This commentary originally appeared in the Austin American-Statesman on April 14, 2015.

Ever since Stephen F. Austin led the first 300 families to settle along the Brazos River, Texas has stood as a gateway to economic opportunity and the promise of a better life. That spirit endures to this day, so much so that Texas entices thousands of new pioneers each year.

It’s therefore no surprise that every April, Texans engage in a healthy debate on whether lingering veins of discrimination prevent women from equally partaking in the workforce.

In case you hadn’t guessed, I’m talking about Texas Equal Pay Day, a state spinoff where activists seek to extinguish the gender pay gap. Only I don’t wish to tarry over the centuries of misguided paternalism that once “sheltered” women from public life. The injustice of that isolation is now well accepted, as is its tendency to drift from concern to disrespect.
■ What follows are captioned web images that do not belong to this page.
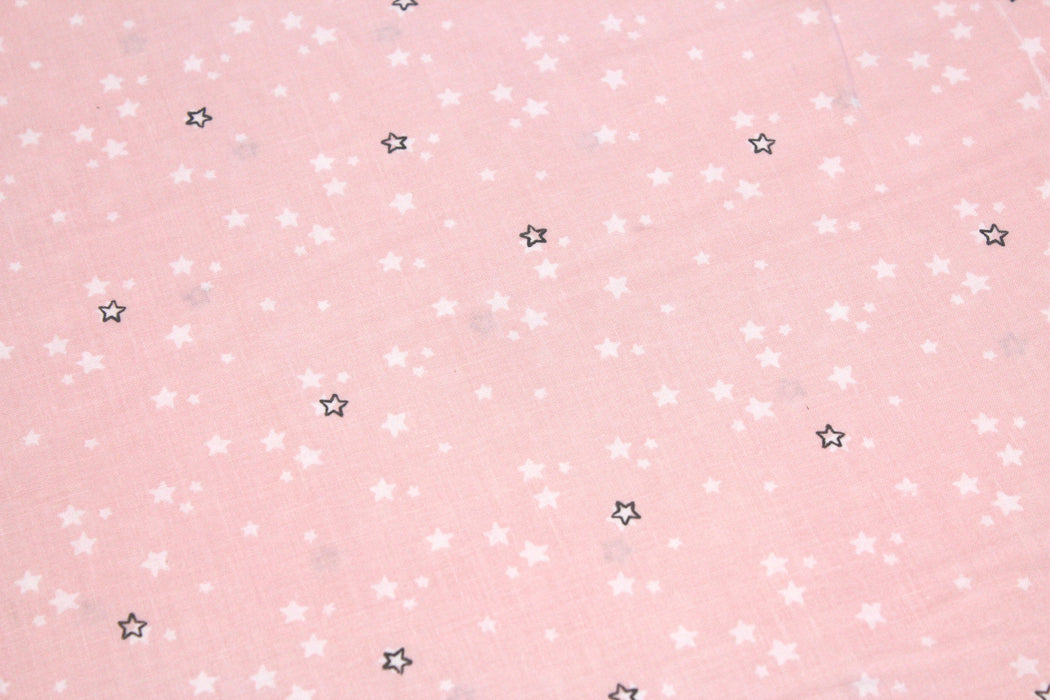 Tissu de coton aux petites étoiles blanches & noires, fond rose pâle - OEKO-TEX®
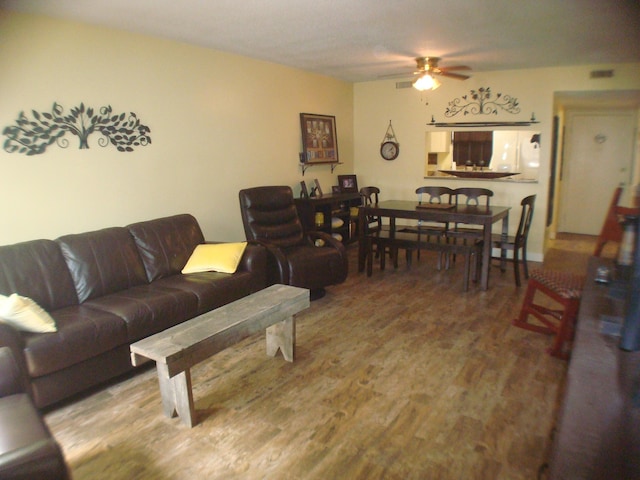 living room with a ceiling fan and wood finished floors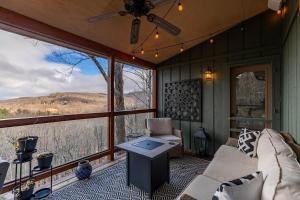 a screened in porch with a couch and a table at The Raven in Beech Mountain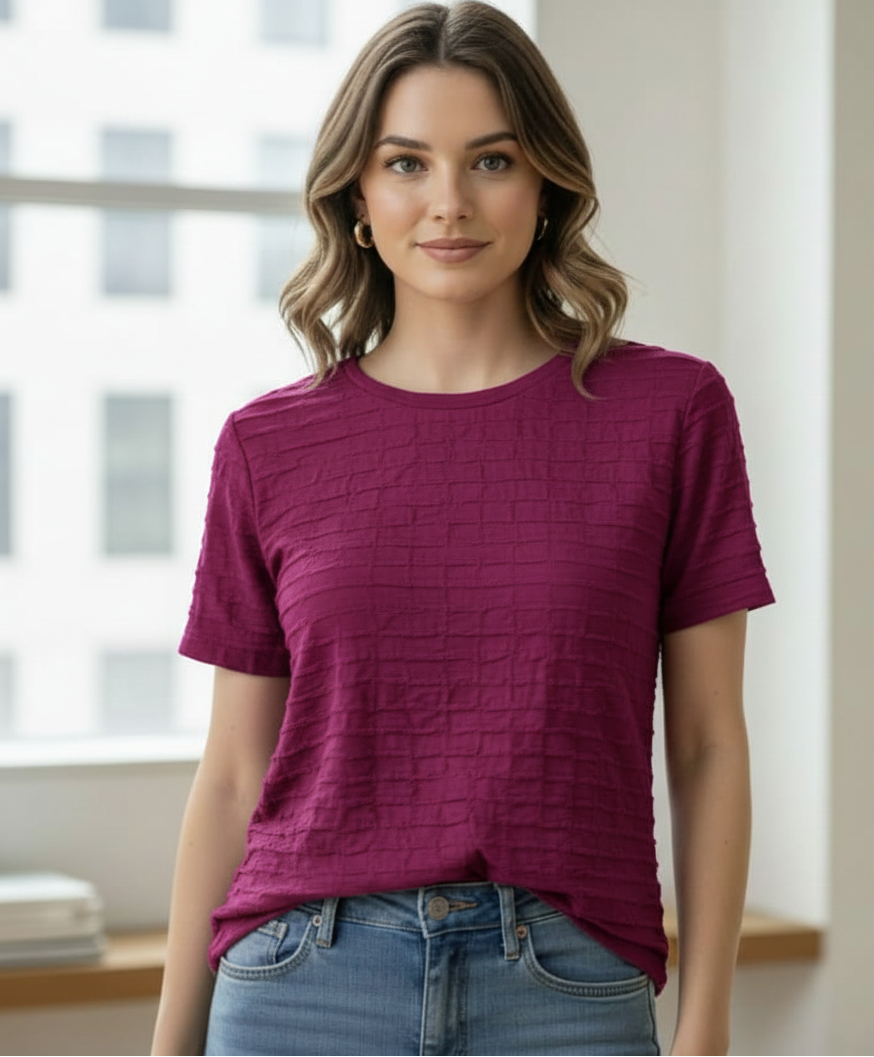 Woman wearing a textured purple t-shirt and blue jeans indoors.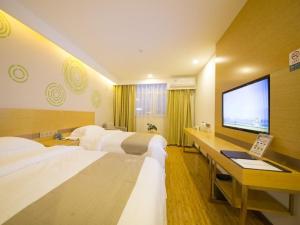 a hotel room with two beds and a flat screen tv at GreenTree Inn Beijing Tongzhou District Xuxinzhuang Subway Station Express Hotel in Beijing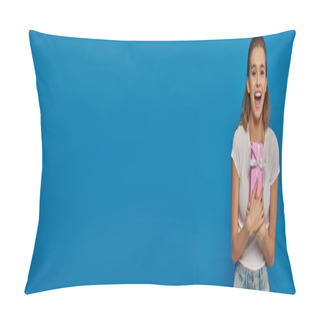 Personality  Excited Young Woman Holding Gift And Looking At Camera On Blue Background, Festive Occasions, Banner Pillow Covers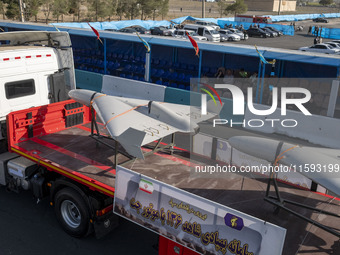 Iranian-made unmanned aerial vehicles (UAV), the Shahed-136, which are equipped with jet engines, are carried by a truck during a military p...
Rather, I’d like to examine how the push for equal pay acts oftentimes ends up mimicking the same mindset that brought about the past marginalization of women in the workforce.

Anyone linked on social media has probably seen a meme or two which cites a popular statistic: Women earn 77 cents for every dollar men earn. What that one-liner fails to capture is how the voluntary choices women make throughout their careers impact their lifetime earning potential.

Women, for example, tend to pursue lower-paid career paths than men. They’re more inclined to study humanities instead of math and engineering. They’re also more adverse to occupations with a high risk of workplace injury. The American Enterprise Institute found that men are 12 times more likely to get killed on the job. Employers usually reward that risk with a higher salary.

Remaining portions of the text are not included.